_Problem details_.
Give back exactly the stretch of data below from the line holding "3M - 12,000" through the line holding "Balenciaga White Acetate Sunglasses", both ends included, and leave the remaining lines out.

_The data_.
• • • •
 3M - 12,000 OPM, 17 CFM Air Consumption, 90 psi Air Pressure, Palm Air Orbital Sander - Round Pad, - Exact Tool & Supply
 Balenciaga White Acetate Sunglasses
• • • •
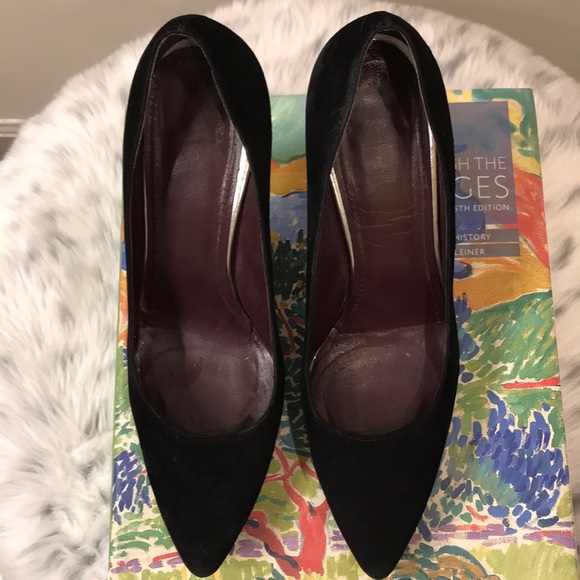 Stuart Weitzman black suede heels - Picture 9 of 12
• • • •
_Solution_.
 3M - 12,000 OPM, 17 CFM Air Consumption, 90 psi Air Pressure, Palm Air Orbital Sander - Round Pad, - Exact Tool & Supply
 Balenciaga White Acetate Sunglasses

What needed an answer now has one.